Trabalho à tarde com o maternal, minhas crianças têm por volta de um ano e sete meses. Então, conhecia só de vista as crianças que foram vítimas. Já a professora Kelly Adriane Aniecevski [que foi morta do ataque] era um exemplo de companheirismo para mim. A gente se falava todo dia, a sala dela era do lado da minha. Sempre nos ajudávamos. Ela ficava cuidando das outras crianças, quando eu ia trocar uma, por exemplo.

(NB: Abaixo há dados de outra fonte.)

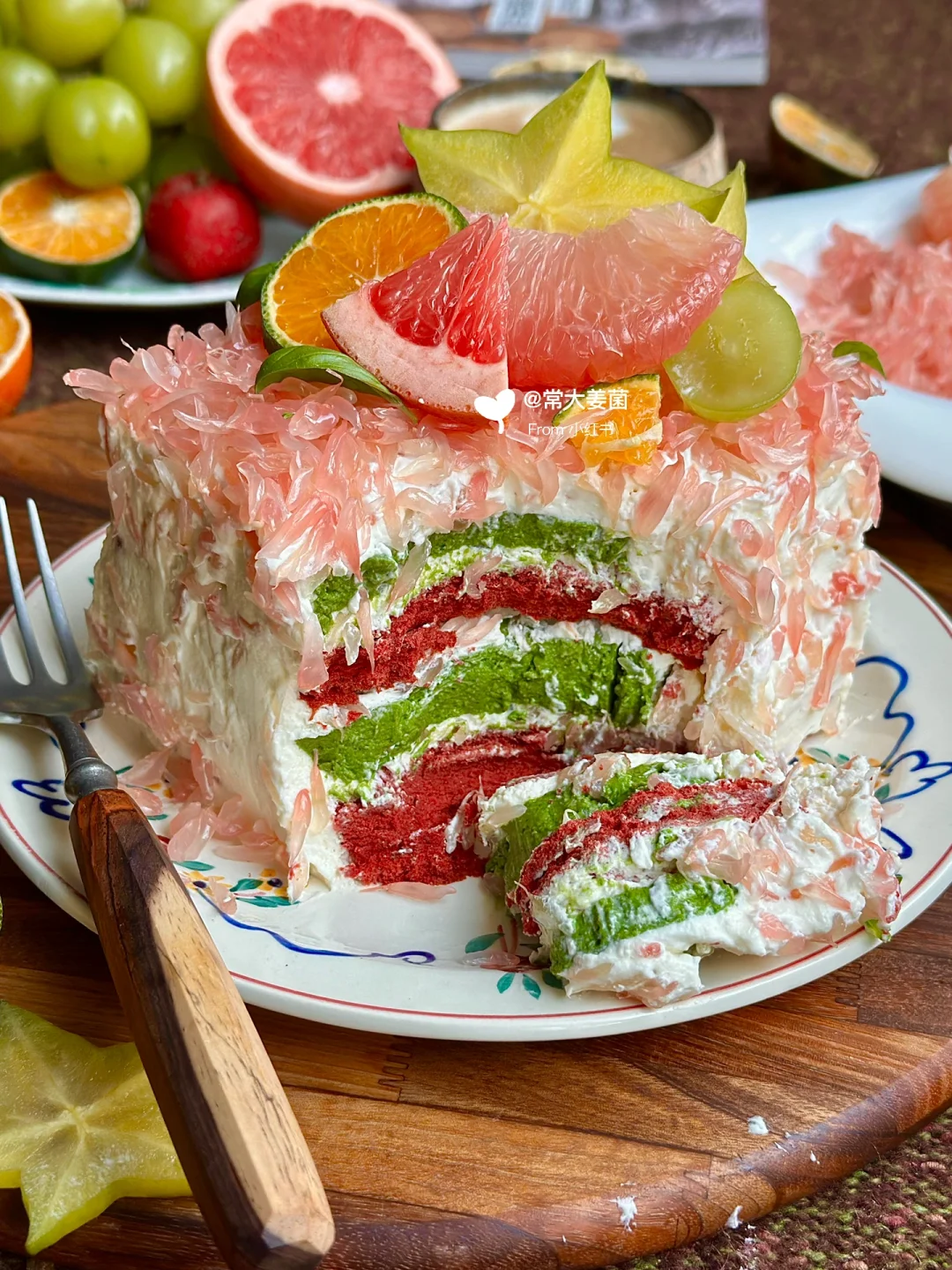 柚子抹茶奶冻小蛋糕🍵🍓🎄圣诞漂亮饭吃它！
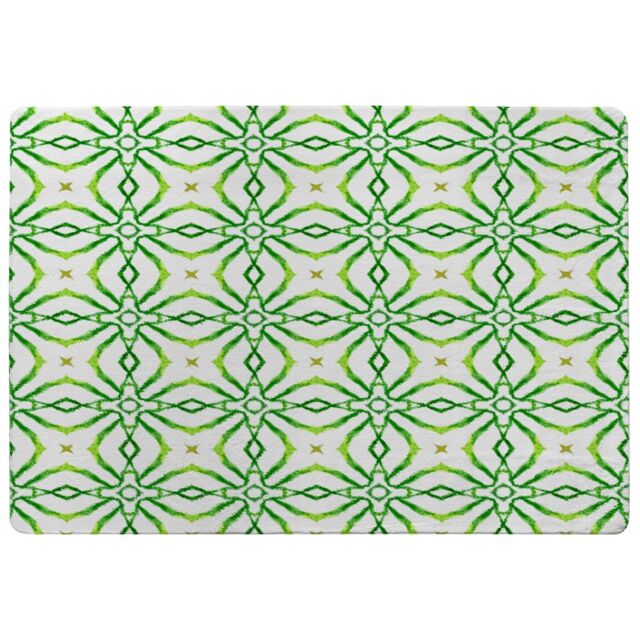 Benjamin Tate Design Swimwear Fabric Green Alluring Boho Chic Rug in Natural - Size: Large - image 1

Resolvi fazer pedagogia porque minha irmã também fez. Aliás, me formei na quarta-feira, apresentando meu TCC por videoconferência. Fiz a faculdade a distância e confesso que ainda estava extasiada pelo que aconteceu. Mas, preferi manter a apresentação para aquele dia, porque semana que vem seria pior. Nesta, a ficha ainda não caiu. Ao apresentar meu trabalho, sobre ludicidade na Educação Infantil, senti que passei por cima de um momento de tristeza e de dor. Me ajudou.

Tenho feito bastante oração, pedindo para Deus nos proteger e para conseguirmos seguir. Provavelmente, vou precisar de ajuda psicológica para isso... Temos que levantar a cabeça.

A cidade é pequena e até ontem estava calada. Hoje, as pessoas estão voltando a trabalhar, a viver a vida. Mas sei que as crianças maiores ainda estão com medo de ir para a escola. Sei que a gente nunca vai esquecer o que aconteceu."